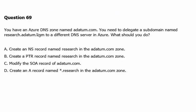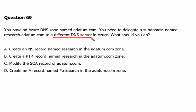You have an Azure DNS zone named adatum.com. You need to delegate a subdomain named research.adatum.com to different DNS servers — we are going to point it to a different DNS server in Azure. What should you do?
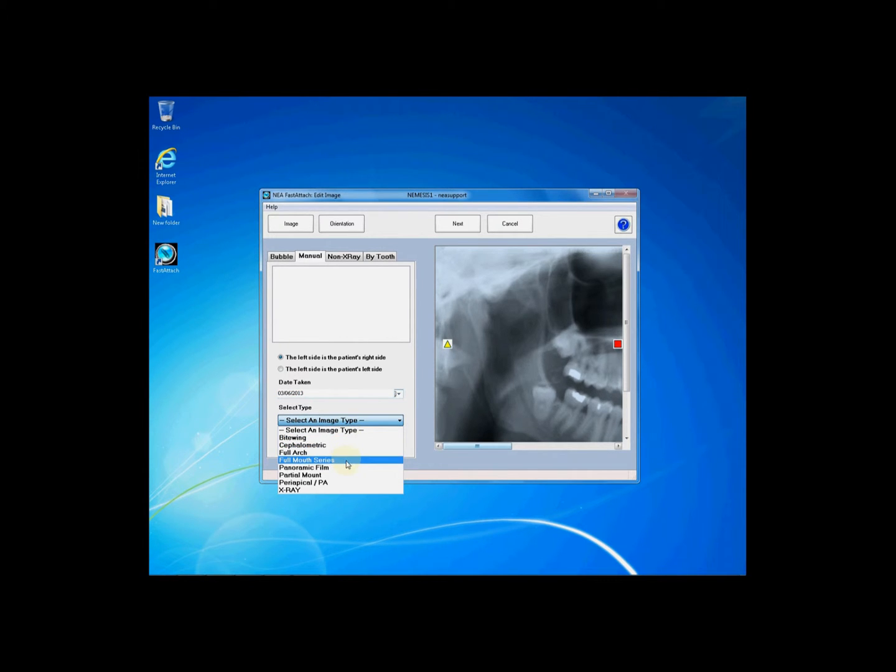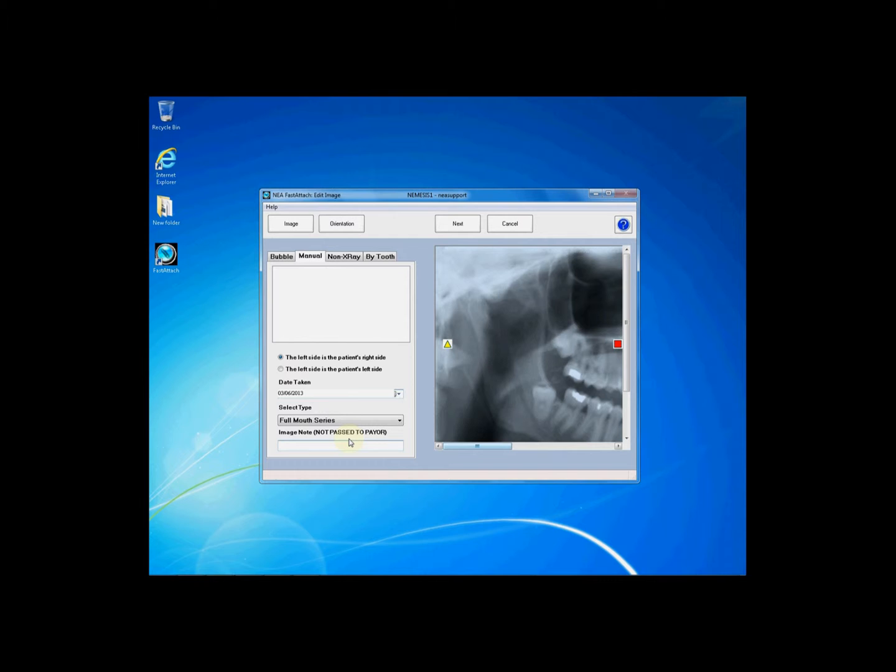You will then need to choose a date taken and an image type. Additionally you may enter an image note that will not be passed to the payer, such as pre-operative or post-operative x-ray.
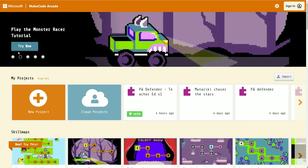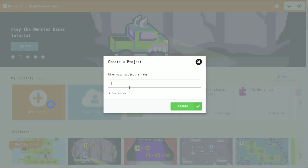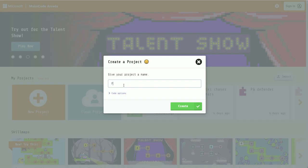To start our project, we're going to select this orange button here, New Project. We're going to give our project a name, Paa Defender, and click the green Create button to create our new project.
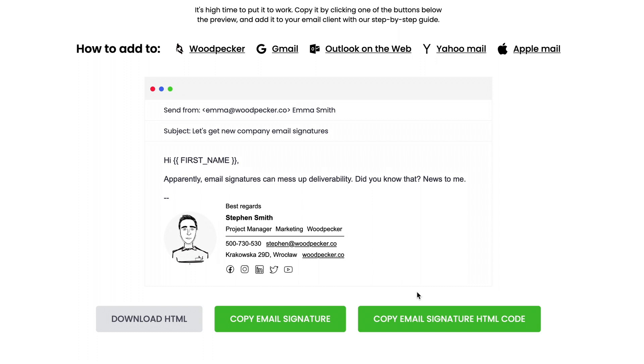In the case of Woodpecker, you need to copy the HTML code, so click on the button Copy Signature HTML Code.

**REQUIRED ACTION:**
When copying the listing above, begin at its first line and stop after the line with "You will then", keeping each line exact and dropping the pictures.

**WRITTEN ANSWER:**
You have an Azure DNS zone named adatum.com. You need to delegate a subdomain named research.adatum.com to different DNS servers — we are going to point it to a different DNS server in Azure. What should you do?
You will then need to choose a date taken and an image type. Additionally you may enter an image note that will not be passed to the payer, such as pre-operative or post-operative x-ray.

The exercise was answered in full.